Output: A .CSV file with the following information for all of the players:
# Load packages
library(stringr)
library(data.table)
# Read in data file skipping header block
tournament <- read.csv("https://raw.githubusercontent.com/ilyakats/CUNY-DATA607/master/tournamentinfo.txt",
sep = ",", skip = 3)
# Sample raw input data
head(tournament)
## X.........................................................................................
## 1 1 | GARY HUA |6.0 |W 39|W 21|W 18|W 14|W 7|D 12|D 4|
## 2 ON | 15445895 / R: 1794 ->1817 |N:2 |W |B |W |B |W |B |W |
## 3 -----------------------------------------------------------------------------------------
## 4 2 | DAKSHESH DARURI |6.0 |W 63|W 58|L 4|W 17|W 16|W 20|W 7|
## 5 MI | 14598900 / R: 1553 ->1663 |N:2 |B |W |B |W |B |W |B |
## 6 -----------------------------------------------------------------------------------------
# Remove all lines not containing pipes
tournament <- tournament[str_detect(tournament[,1], "\\|"), ]
# Combine first and second lines of each entry into a single line
tournament <- str_c(tournament[seq(1, length(tournament), 2)], tournament[seq(2, length(tournament), 2)], sep = "")
# Split into columns by pipes and at the same time split ratings
# Trim any whitespaces
tournament <- data.frame(str_split_fixed(tournament, "\\||/|->", n = Inf))
tournament <- data.frame(lapply(tournament, trimws))
# Drop last column
tournament <- tournament[, 1:ncol(tournament)-1]

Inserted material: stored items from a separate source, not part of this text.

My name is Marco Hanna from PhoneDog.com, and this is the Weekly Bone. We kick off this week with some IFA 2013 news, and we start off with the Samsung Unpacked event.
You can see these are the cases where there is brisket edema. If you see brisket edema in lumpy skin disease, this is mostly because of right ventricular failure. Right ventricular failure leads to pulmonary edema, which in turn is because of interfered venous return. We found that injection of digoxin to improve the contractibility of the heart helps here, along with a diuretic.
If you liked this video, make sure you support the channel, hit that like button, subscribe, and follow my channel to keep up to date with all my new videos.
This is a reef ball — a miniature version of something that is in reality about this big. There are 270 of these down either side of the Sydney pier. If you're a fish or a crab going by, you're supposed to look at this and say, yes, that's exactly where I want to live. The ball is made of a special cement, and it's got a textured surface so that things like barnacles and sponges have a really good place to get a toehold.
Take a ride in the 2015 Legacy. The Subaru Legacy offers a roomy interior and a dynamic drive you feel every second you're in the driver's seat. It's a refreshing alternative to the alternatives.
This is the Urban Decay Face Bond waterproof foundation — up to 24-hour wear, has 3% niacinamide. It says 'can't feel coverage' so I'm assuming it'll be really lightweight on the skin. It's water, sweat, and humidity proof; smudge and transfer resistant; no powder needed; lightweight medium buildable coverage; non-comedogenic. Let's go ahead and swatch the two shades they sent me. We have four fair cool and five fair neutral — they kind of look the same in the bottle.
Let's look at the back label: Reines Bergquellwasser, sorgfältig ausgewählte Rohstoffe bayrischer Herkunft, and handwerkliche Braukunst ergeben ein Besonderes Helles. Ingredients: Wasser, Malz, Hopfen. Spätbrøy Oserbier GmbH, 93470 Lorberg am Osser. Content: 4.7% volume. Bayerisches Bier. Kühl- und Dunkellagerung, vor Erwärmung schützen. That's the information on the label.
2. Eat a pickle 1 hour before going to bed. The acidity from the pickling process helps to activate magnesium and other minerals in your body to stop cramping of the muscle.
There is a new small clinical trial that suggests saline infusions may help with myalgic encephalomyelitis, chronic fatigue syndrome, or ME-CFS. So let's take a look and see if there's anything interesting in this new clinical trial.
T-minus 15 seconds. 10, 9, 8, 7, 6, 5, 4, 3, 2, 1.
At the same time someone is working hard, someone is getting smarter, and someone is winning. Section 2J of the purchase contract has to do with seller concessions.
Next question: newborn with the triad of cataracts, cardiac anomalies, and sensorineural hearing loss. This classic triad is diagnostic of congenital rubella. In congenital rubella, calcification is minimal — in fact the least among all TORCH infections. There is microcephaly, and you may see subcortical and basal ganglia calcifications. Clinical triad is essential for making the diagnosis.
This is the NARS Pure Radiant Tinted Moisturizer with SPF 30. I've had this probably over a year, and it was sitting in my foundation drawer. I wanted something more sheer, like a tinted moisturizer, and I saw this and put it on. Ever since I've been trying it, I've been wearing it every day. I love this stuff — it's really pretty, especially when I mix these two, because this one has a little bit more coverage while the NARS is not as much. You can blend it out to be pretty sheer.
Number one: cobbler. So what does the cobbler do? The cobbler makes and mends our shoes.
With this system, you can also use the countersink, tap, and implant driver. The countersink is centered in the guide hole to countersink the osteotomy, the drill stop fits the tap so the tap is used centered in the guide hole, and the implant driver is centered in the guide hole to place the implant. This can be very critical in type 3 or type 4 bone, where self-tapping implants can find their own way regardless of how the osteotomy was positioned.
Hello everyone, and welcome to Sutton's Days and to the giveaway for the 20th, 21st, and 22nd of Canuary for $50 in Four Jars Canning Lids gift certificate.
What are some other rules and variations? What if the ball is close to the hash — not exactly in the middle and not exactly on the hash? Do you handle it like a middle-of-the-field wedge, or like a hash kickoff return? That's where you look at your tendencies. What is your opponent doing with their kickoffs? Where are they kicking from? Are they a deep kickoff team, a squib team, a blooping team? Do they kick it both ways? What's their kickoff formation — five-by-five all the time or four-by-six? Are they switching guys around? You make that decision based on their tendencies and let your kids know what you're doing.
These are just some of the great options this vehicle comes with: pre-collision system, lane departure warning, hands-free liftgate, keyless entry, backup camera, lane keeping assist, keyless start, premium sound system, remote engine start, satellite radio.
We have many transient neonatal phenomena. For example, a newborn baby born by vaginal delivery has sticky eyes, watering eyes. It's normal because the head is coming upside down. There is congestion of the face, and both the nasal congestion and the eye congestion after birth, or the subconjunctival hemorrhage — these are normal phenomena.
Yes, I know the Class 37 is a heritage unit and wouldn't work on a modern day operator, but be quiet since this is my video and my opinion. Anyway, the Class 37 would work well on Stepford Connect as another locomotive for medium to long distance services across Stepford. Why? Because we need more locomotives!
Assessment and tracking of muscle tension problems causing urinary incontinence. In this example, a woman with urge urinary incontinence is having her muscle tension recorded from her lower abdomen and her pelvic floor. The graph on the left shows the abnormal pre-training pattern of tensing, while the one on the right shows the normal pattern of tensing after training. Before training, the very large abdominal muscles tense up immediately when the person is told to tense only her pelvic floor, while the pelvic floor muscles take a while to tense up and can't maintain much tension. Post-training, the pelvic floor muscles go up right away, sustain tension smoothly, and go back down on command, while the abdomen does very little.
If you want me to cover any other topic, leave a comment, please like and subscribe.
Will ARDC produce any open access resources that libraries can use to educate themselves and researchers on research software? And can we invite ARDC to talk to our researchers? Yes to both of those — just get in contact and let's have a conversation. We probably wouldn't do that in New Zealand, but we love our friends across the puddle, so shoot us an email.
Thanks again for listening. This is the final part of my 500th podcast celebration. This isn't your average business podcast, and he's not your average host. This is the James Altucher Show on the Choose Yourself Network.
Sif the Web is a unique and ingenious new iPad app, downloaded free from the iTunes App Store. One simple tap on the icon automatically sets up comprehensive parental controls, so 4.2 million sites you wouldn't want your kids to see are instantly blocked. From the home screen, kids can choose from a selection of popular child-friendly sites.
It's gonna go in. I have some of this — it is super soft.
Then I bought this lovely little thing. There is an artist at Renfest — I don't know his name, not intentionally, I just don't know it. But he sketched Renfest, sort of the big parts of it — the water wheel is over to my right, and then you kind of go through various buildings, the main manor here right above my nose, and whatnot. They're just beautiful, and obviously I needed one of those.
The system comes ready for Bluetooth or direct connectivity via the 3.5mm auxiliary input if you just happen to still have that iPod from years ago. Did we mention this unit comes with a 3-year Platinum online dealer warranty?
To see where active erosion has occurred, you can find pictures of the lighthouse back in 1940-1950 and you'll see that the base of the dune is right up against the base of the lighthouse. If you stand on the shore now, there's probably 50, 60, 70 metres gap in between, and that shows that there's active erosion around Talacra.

# Change column names to meaningful values
colnames(tournament) <- c("playerId", "name", "points",
"game1", "game2", "game3", "game4", "game5", "game6", "game7",
"state", "uscfId" , "ratingPre", "ratingPost", "nValue",
"color1", "color2", "color3", "color4", "color5", "color6", "color7")
# Normalize rating pre match - Remove 'R:' and provisional value
tournament$ratingPre <- as.numeric(str_replace(tournament$ratingPre, "R: *([:digit:]+)(P.*)?", "\\1"))
# Normalize rating post match - Remove provisional value
tournament$ratingPost <- as.numeric(str_replace(tournament$ratingPost, "([:digit:]+)(P.*)?", "\\1"))
# Convert ID to numeric
tournament$playerId <- as.numeric(as.character(tournament$playerId))
Note: The table below lists only results of the first game.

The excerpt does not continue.